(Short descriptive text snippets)
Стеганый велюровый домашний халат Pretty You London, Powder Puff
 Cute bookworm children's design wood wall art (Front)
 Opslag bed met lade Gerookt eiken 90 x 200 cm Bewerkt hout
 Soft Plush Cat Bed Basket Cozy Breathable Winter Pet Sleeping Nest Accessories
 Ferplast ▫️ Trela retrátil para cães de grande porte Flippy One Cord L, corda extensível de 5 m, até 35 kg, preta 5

:: TASK BRIEF ::
Could you write out all the entries exactly as given?

:: RESPONSE BOX ::
Стеганый велюровый домашний халат Pretty You London, Powder Puff
 Cute bookworm children's design wood wall art (Front)
 Opslag bed met lade Gerookt eiken 90 x 200 cm Bewerkt hout
 Soft Plush Cat Bed Basket Cozy Breathable Winter Pet Sleeping Nest Accessories
 Ferplast ▫️ Trela retrátil para cães de grande porte Flippy One Cord L, corda extensível de 5 m, até 35 kg, preta 5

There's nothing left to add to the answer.